The payment of household and motor insurance premiums causes a serious and growing loss of national currency to almost every British and Irish community, but there is a way by which this can be reduced. Henk van Arkel, the director of the Dutch non-governmental organisation Aktie Strohalm, lives in Soest, a village within communting distance of Utrecht, in a thatched house he bought from a farmer who had built himself a spanking new residence across the road. Insuring a thatched building can be as difficult and expensive in the Netherlands as anywhere else, so van Arkel joined the local insurance co-operative, Statuten Onderlinge Branverzekering UA, which had insured the house for the farmer. "There are five hundred of these co-ops throughout Holland", he explains. "The way they work is that they collect premiums from their members based on the value of their properties and cover a proportion of the risk themselves. That keeps quite a lot of money in the community. The rest of the risk they cover by sharing it with other local co-ops by re-insuring with a mutual insurance company a lot of them own, SOBH."

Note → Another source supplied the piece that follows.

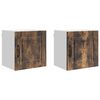 vidaXL Armario de Pared PORTO 2 pcs Roble ahumado 40 x 31 x 40 cm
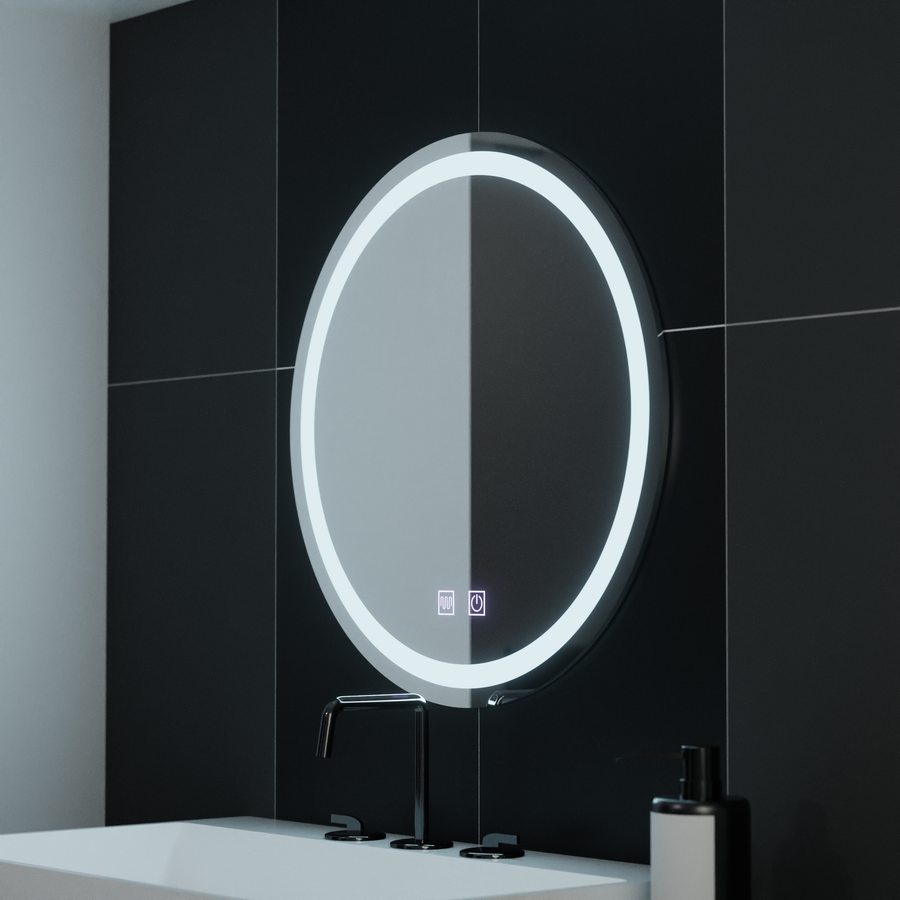 LED-es kerek tükör, 70 cm, érintőlámpa, páramentesítő rendszer, szabályozható tükrök Korman E alapértelmezett cím Alessandro Design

Van Arkel thinks that the system works well because with only 425 members in the Soest co-op, one's fellow-members would soon know if anyone made a false or inflated claim, and be very unhappy about it. "It would be reflected immediately in the rates of premium we all had to pay," he says. "The cost of insurance through these co-ops varies quite a lot beacuse of their claims experience but it is normally cheaper than with the commercial companies".

The co-op, which was founded by farmers in 1885, naturally has to maintain reserves to cover it if claims are greater than its share of the annual premium income. "We've got 400,000 guilders (£175,000) set aside," he says. "I don't know how big reserves the co-op kept before 1944. It didn't take out re-insurance until then."